Exercise requirements:
Each line from the top of the listing through the one holding "Photo du bâtiment - 15 Ellerslie Ave" should be restated word for word, with nothing added and no pictures.

─── Material for this exercise ───

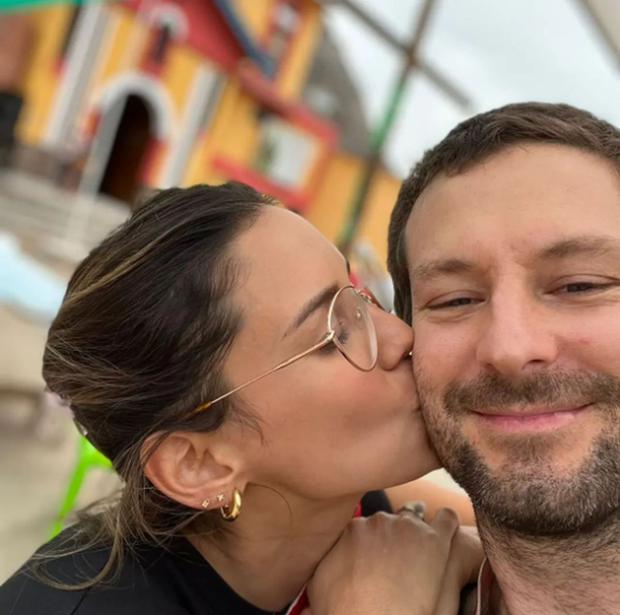 María Grazia Gamarra besa a su esposo (Foto: Heinz Gildemeister / Instagram)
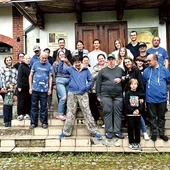 Co roku obóz wygląda podobnie. Gimnastyka, modlitwa i śniadanie, a po nim kawa na schodach przy wejściu do kaplicy. Potem pierwsza część zajęć związanych z tematem dnia, spacer, obiad i odpoczynek. Później koronka, popołudniowa kawa i druga część zajęć. W końcu Msza, kolacja, zabawa i modlitwa wieczorna.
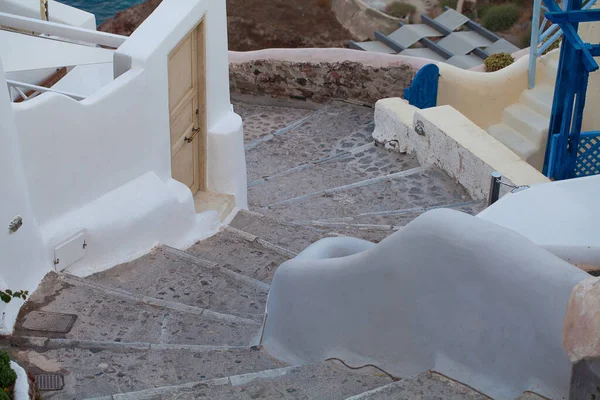 ギリシャのサントリーニ島にある石の階段と白い家 — ストック写真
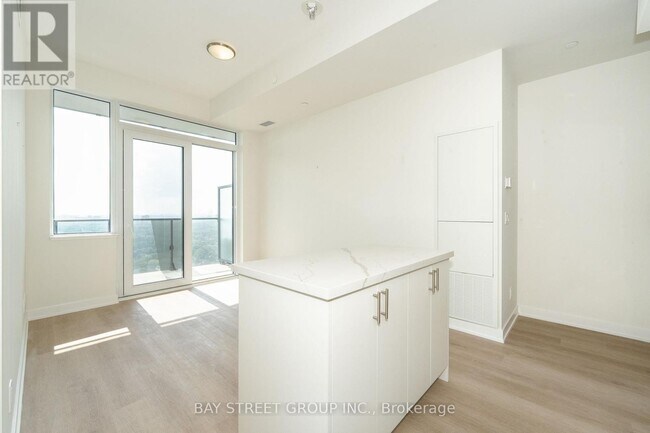 Photo du bâtiment - 15 Ellerslie Ave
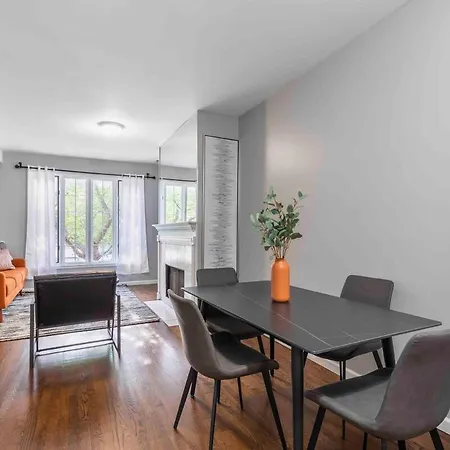 Pristine Paradise 3bd 2ba Free Parking Apartment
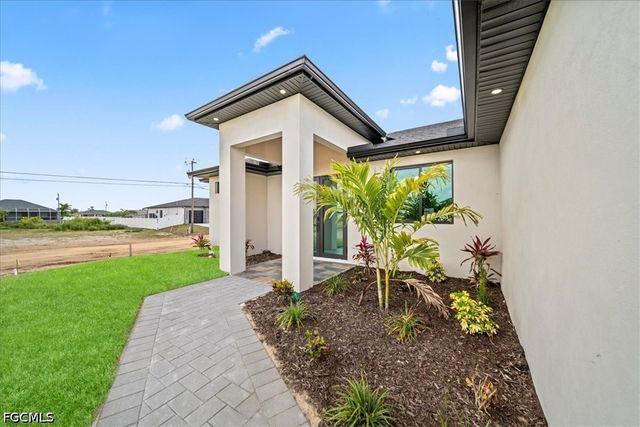 1400 NE 18th AVE, Cape Coral, FL 33909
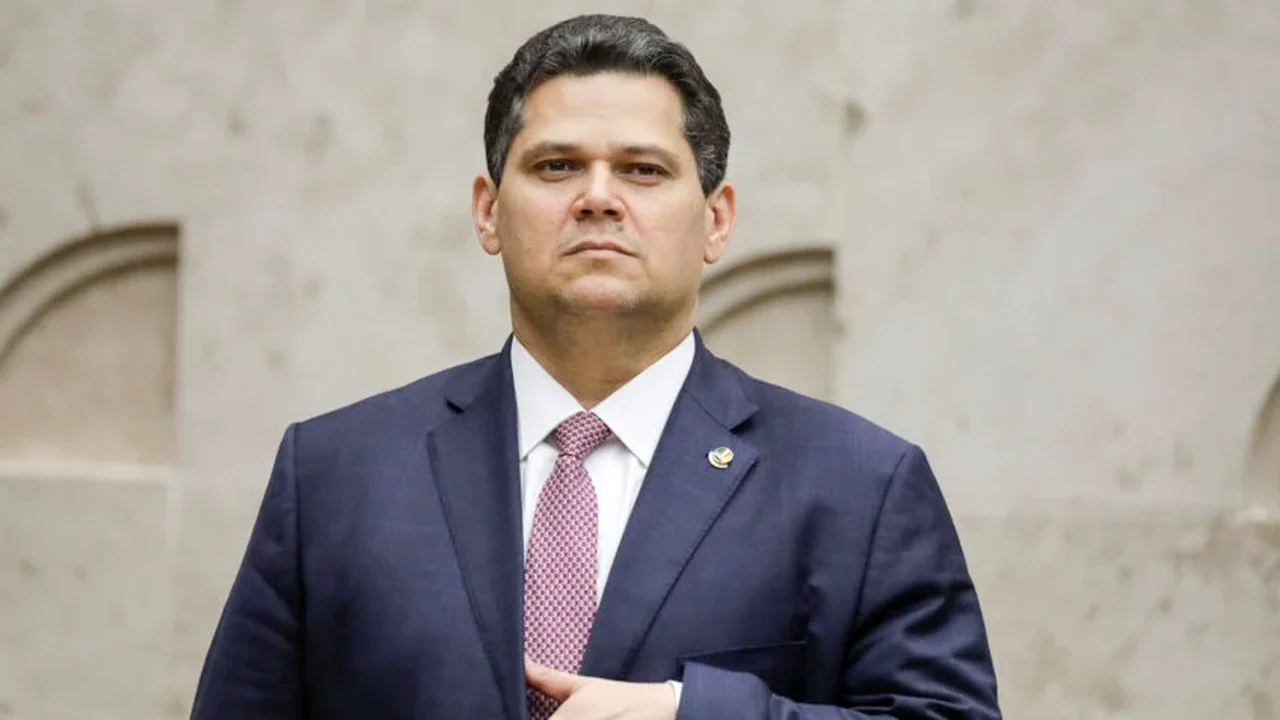 Líder do governo no Senado diz que Alcolumbre defendeu a Lula indicação de Pacheco ao STF
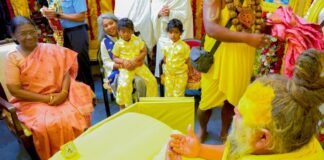 सुबह-सुबह वृंदावन पहुँचीं राष्ट्रपति द्रौपदी मुर्मू, प्रेमानंद महाराज से लिया आशीर्वाद, गहन आध्यात्मिक चर्चा भी हुई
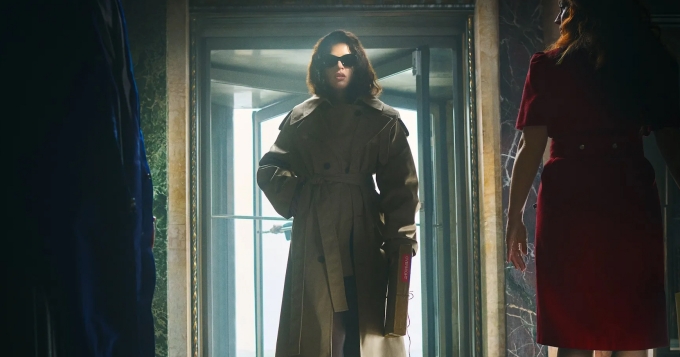 New Balance объявил певицу Розалию новым амбассадором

───

Response box:
 María Grazia Gamarra besa a su esposo (Foto: Heinz Gildemeister / Instagram)
 Co roku obóz wygląda podobnie. Gimnastyka, modlitwa i śniadanie, a po nim kawa na schodach przy wejściu do kaplicy. Potem pierwsza część zajęć związanych z tematem dnia, spacer, obiad i odpoczynek. Później koronka, popołudniowa kawa i druga część zajęć. W końcu Msza, kolacja, zabawa i modlitwa wieczorna.
 ギリシャのサントリーニ島にある石の階段と白い家 — ストック写真
 Photo du bâtiment - 15 Ellerslie Ave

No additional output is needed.